Nevertheless, due to the limitation of the DBSCAN method, we chose the Eps value that would prioritize filtering out outliers. The upper limits of the KNN distribution are selected as Eps. Moreover, the upper limit is defined by the sum of the upper quartile and 1.5 times the interquartile range (IQR). The complexity of the proposed parameter auto-selection method can be O(n*log(n)) with the use of indexing to accelerate the computation.
3.4. Extracting Vessel Behaviour Patterns Framework
For this research, frameworks were designed to profile vessel behaviours and detect abnormal vessel trajectories. The frameworks were developed using the proposed clustering algorithm described in
Section 3.1,
Section 3.2 and
Section 3.3.
Figure 2 shows the overview for processing historical AIS data to generate the model (represented by a pink square). Using this framework, vessel behaviours can be profiled into behaviour patterns by finding clusters within historical data and generating the model.
Behaviour patterns of marine transportation traffic are profiled based on the clustering results. These clusters are used to model the AIS data within a certain region and monitor vessels with AIS equipment on board. The model can then be applied to new AIS observations to provide the desired outcome, including vessel behaviour reports, action recommendations, and even behaviour prediction. The model also provides monitoring for crewed vessels and determines if the vessel has some anomalous behaviours. Autonomous vessels can also take advantage of the model for planning the route by selecting sequential clusters and getting recommendations for actions.
Maritime Mobile Service Identity (MMSI) has been used for identifying individual vessel trajectories. In this research, we adopt a map-reduce framework to cluster smaller pieces of AIS data split from the raw data based on MMSI, then merge them and generate the final classification model, which will be used for reading the new observations. The method assumes that data under each MMSI should have its specific behaviour patterns.
The proposed first-layer-clustering algorithm groups similar trajectory points within each MMSI and defines this specific trajectory stage. The second-layer clustering merges the clusters from each MMSI data piece, combining similar clusters and generating the final clusters. Each cluster from the first-layer clustering has been profiled as a behaviour vector to represent the cluster. The second-layer cluster combines similar clusters by clustering similar behaviour vectors. The same clustering algorithm proposed in
Section 3.2 is utilized in this step. The selections of the parameters differ from the method proposed in
Section 3.3. Instead of prioritizing filtering out outliers, the parameter setting in this step prioritizes the merging of the most similar clusters. Therefore, the MinPts and Eps are manually adjusted to be much smaller than the recommended value from the proposed parameter auto-selection method.
In this way, the algorithms run efficiently on processing big data.
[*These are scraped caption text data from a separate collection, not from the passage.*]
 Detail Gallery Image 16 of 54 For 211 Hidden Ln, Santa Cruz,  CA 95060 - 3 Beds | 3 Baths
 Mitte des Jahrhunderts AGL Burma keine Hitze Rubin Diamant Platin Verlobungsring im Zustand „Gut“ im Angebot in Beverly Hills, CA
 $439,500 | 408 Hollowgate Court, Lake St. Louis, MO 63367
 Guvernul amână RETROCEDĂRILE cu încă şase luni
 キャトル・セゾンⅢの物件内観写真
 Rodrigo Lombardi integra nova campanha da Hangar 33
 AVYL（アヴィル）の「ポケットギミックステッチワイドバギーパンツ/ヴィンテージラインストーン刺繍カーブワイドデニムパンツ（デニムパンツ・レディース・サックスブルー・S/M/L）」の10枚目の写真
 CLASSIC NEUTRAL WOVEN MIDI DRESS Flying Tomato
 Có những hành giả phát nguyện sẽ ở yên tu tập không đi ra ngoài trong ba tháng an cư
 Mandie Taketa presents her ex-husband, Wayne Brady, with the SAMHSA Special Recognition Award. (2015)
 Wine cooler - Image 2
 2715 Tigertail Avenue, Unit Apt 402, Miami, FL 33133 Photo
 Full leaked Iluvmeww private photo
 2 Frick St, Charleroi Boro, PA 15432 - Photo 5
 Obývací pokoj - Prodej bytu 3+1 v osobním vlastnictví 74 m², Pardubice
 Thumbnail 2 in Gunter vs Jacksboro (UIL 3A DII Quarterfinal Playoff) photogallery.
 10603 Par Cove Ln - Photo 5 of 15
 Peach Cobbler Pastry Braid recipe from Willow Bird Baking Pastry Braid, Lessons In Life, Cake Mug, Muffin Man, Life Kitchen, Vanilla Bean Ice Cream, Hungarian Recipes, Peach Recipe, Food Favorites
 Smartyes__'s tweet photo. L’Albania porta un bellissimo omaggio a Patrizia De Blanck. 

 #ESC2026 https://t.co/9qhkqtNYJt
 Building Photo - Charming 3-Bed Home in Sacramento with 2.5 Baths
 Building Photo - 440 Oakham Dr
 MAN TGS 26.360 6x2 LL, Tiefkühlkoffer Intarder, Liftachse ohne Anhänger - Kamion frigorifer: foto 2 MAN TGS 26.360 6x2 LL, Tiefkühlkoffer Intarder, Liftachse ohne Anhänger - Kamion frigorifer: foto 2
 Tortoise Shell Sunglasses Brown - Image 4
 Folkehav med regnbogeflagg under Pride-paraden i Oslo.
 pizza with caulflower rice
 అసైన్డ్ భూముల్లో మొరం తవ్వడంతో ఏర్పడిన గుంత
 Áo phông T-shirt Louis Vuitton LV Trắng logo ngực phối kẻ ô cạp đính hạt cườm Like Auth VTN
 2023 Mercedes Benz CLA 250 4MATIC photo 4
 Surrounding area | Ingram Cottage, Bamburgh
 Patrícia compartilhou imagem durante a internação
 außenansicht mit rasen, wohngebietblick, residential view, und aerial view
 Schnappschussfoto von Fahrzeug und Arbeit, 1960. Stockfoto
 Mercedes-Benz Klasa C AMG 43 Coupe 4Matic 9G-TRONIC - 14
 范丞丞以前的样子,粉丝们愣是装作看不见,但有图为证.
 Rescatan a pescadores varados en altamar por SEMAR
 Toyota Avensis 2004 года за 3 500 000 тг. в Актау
The details of the proposed hierarchy clustering structure are shown in
Figure 3, representing the clustering process (orange square) in
Figure 2.
The proposed clustering algorithm is a semi-supervised algorithm composed of an unsupervised clustering component and a supervised one. The algorithm can generate labeled data first in an unsupervised way with a smaller portion of the data. Then, the pre-defined model from the last iterative step reads the rest of the inquiry data and keeps updating itself.
Figure 4 shows that the unsupervised algorithm component is implemented in Portion 1 (orange) to create pre-defined clusters. The supervised component then reads Portion 2 (green) to update the model into a final model. Using this method, only a small amount of effort is needed in the unsupervised step, which has the highest runtime complexity in the whole clustering process. The two clustering steps follow a similar approach, implementing the Mahalanobis distance metric in the clustering process.
4. Testing and Evaluation Using Synthetic Data
The performance of the proposed approach is tested with two synthetic datasets from Wolfe Island Ferry AIS data in January 2017, as the ferry traveled between Kingston and Wolfe Island. The open-source data was accessed from [
52].
Figure 5 shows the real data in red and the synthetic data in blue. One hundred and fifty noisy points were artificially generated around the main trajectory in
Figure 5a, while 2000 points were rotated by 90° in
Figure 5b. The synthesized datasets were prepared to test clustering performance based on two scenarios. For instance, a good clustering algorithm should identify outliers and noisy points from the main trajectories. Additionally, the algorithm should distinguish different paths from trajectory intersections.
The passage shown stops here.